— To do —
Copy out every record below exactly as written, but leave out any pictures.

(Beginning of Records supplied)

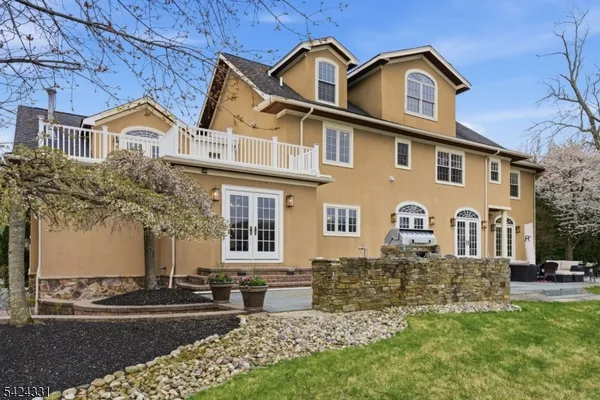 $2,199,900 | 11 North Pocono Road, Mountain Lakes, NJ 07046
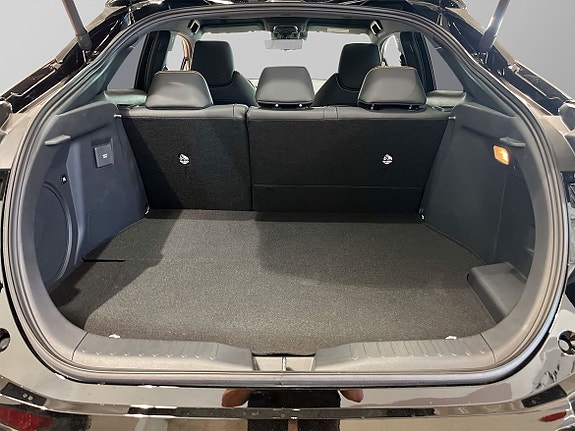 Toyota C-HR 4 of 5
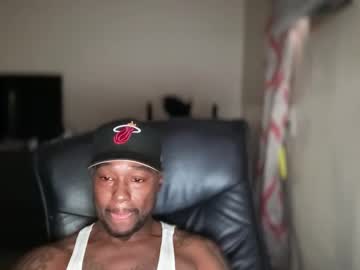 Bigbackwoodcali Chaturbate stream image from November 17, 2025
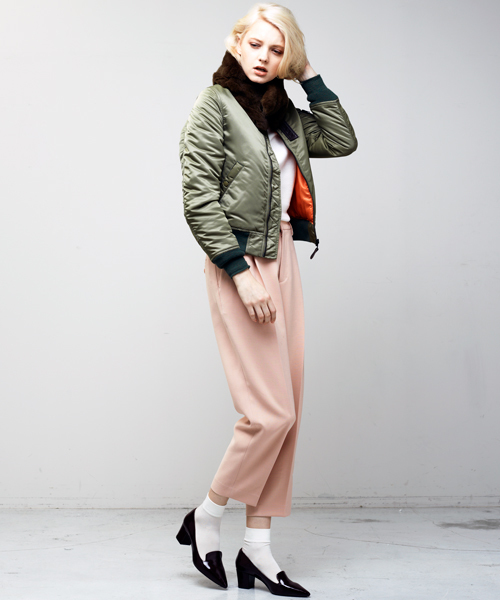 BEAUTY&YOUTH UNITED ARROWS（ビューティーアンドユースユナイテッドアローズ）の「BYTF ダブルクロス タックテーパードパンツ◆（その他パンツ・レディース・ライトピンク/ネイビー/ダークグレー・SMALL/MEDIUM）」の20枚目の写真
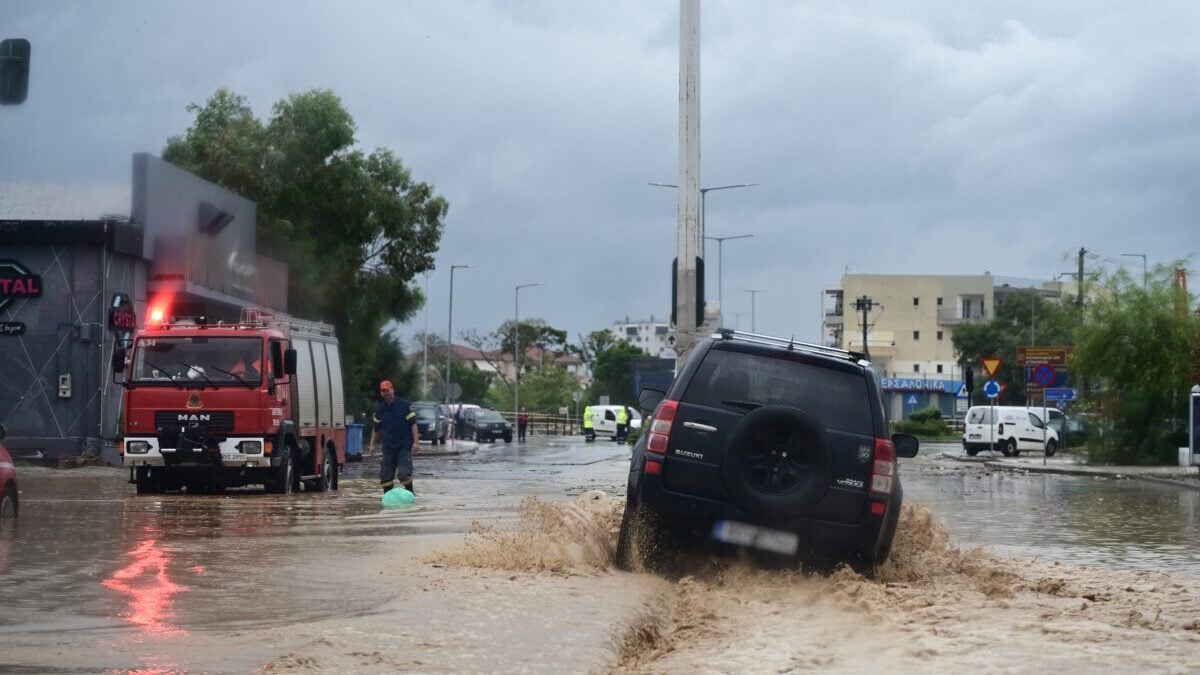 Κακοκαιρία: Καταιγίδες σε Κρήτη και Δωδεκάνησα έως το μεσημέρι, άνεμοι 7 μποφόρ – Τα Χανιά «βούλιαξαν» με 420 χιλιοστά βροχής 2 Κακοκαιρία: Καταιγίδες σε Κρήτη και Δωδεκάνησα έως το μεσημέρι, άνεμοι 7 μποφόρ – Τα Χανιά «βούλιαξαν» με 420 χιλιοστά βροχής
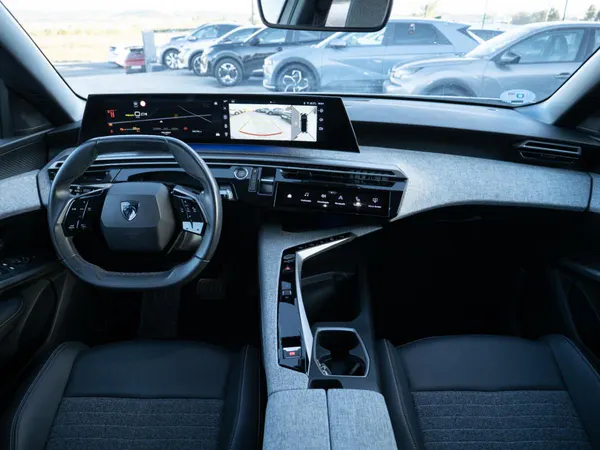 Peugeot E-3008 - Photo 25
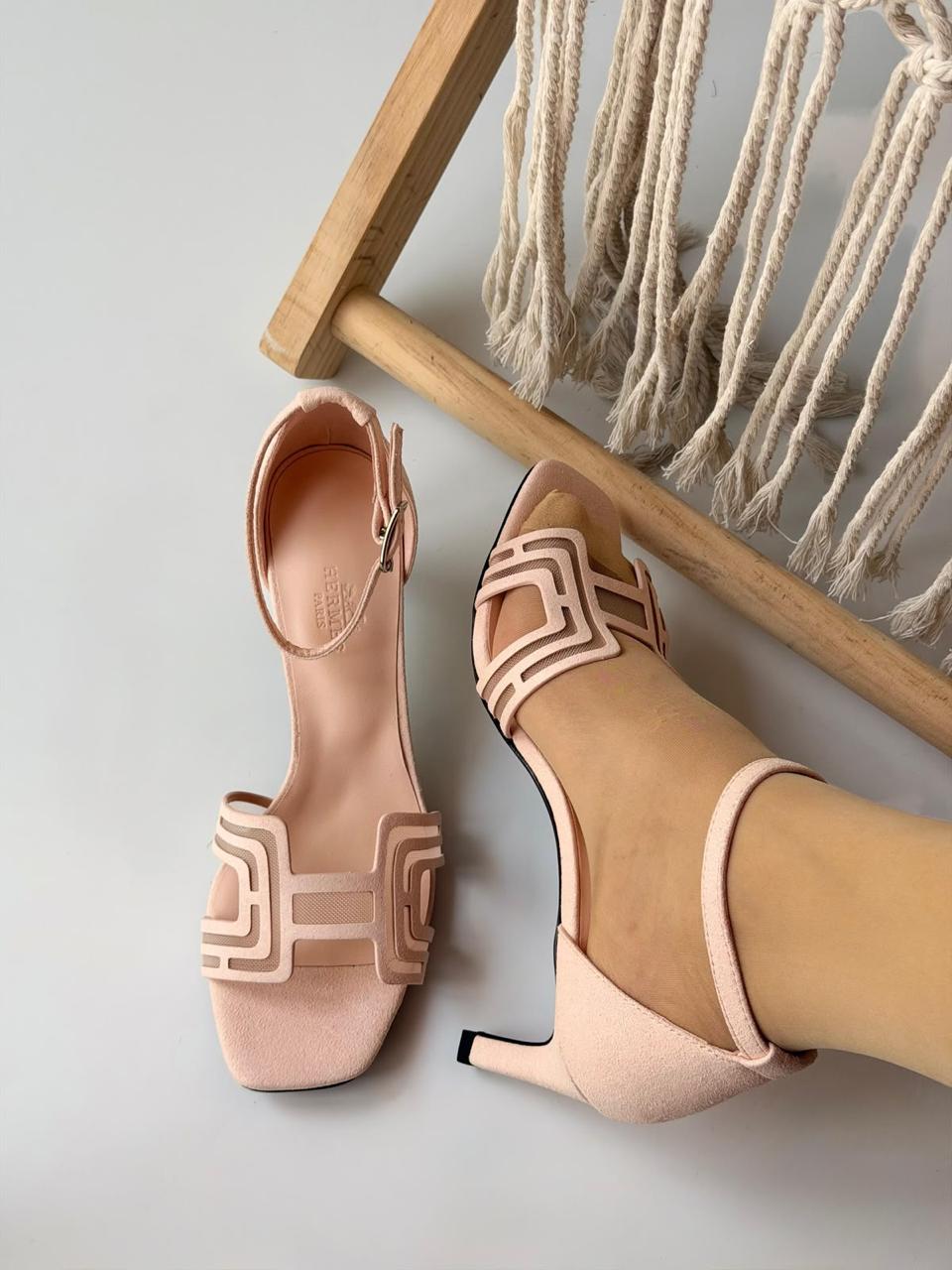 Ladies heels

(End of Records supplied)

— Solution below —
 $2,199,900 | 11 North Pocono Road, Mountain Lakes, NJ 07046
 Toyota C-HR 4 of 5
 Bigbackwoodcali Chaturbate stream image from November 17, 2025
 BEAUTY&YOUTH UNITED ARROWS（ビューティーアンドユースユナイテッドアローズ）の「BYTF ダブルクロス タックテーパードパンツ◆（その他パンツ・レディース・ライトピンク/ネイビー/ダークグレー・SMALL/MEDIUM）」の20枚目の写真
 Κακοκαιρία: Καταιγίδες σε Κρήτη και Δωδεκάνησα έως το μεσημέρι, άνεμοι 7 μποφόρ – Τα Χανιά «βούλιαξαν» με 420 χιλιοστά βροχής 2 Κακοκαιρία: Καταιγίδες σε Κρήτη και Δωδεκάνησα έως το μεσημέρι, άνεμοι 7 μποφόρ – Τα Χανιά «βούλιαξαν» με 420 χιλιοστά βροχής
 Peugeot E-3008 - Photo 25
 Ladies heels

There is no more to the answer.